Among the well-known means to increase programmer productivity and decrease development effort is systematic software reuse. Although large scale reuse remains an elusive goal, programmers have been ...successfully reusing individual software artifacts, including components, libraries, and specifications. One software artifact that is not amenable to reuse is metadata, which has become an essential part of modern software development. Specifically, mainstream metadata formats, including XML and Java 5 annotations, are not amenable to systematic reuse. As a result, software that uses metadata cannot fully reap the benefits traditionally associated with systematic reuse. To address this lack of metadata reusability, this article presents Pattern-Based Structural Expressions (PBSE), a new metadata format that is not only reusable, but also offers conciseness and maintainability advantages. PBSE can be reused both across individual program components and across entire applications. In addition, PBSE make it possible to reuse metadata-expressed functionality across languages. In particular, we show how implementations of non-functional concerns (commonly expressed through metadata) in existing languages can be reused in emerging languages via automated metadata translation.
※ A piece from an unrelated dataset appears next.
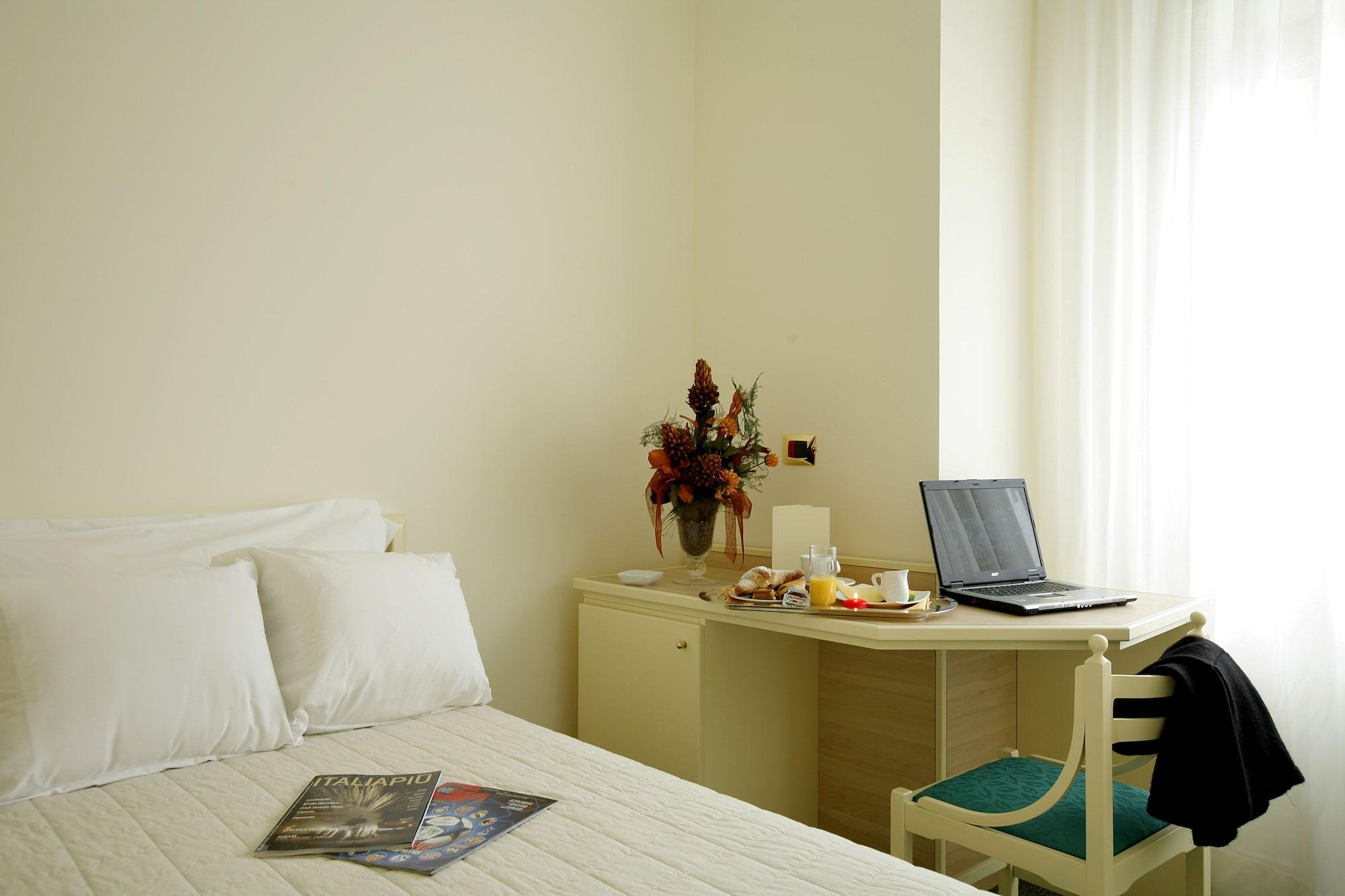 Hotel Bassetto Ferentino Kültér fotó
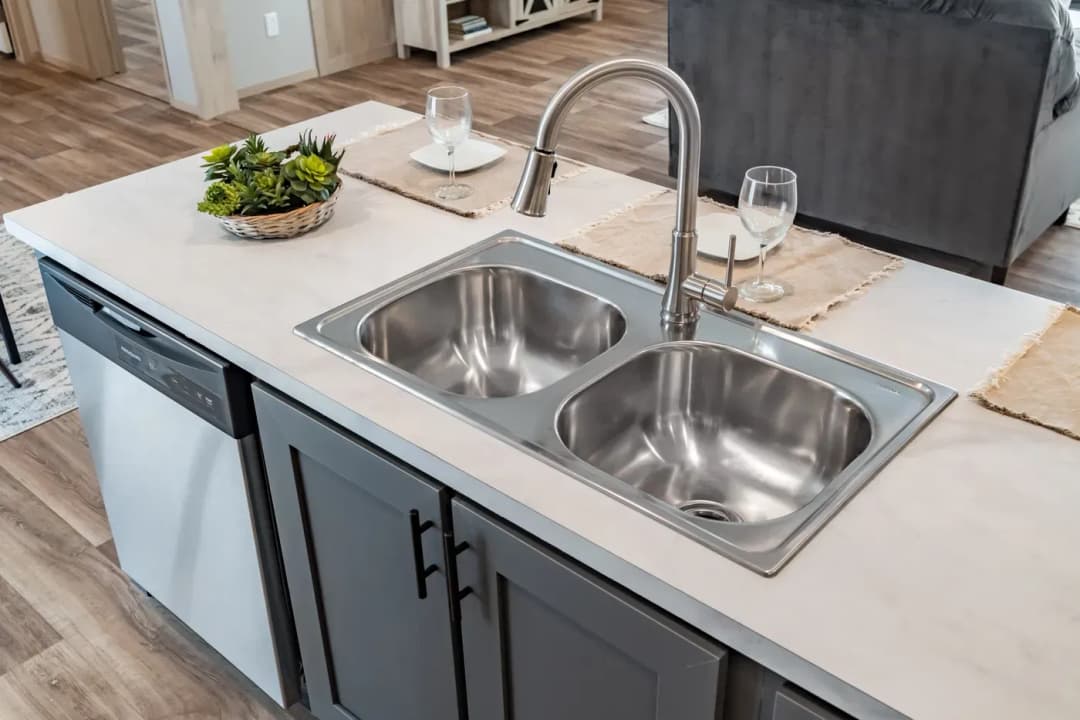 Rio kitchen home features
Because metadata constitutes an intrinsic part of modern software applications, the ability to systematically reuse metadata is essential for improving programmer productivity and decreasing development effort.
•We discuss the advantages and shortcomings of mainstream metadata formats.•We present a metadata format that is reusable across applications and languages.•We present an approach to reuse non-functional concerns during cross-compilation.•We present a DSL for declaratively expressing differences between metadata formats.•We enable the X10 language to reuse persistence and unit testing in Java and C++.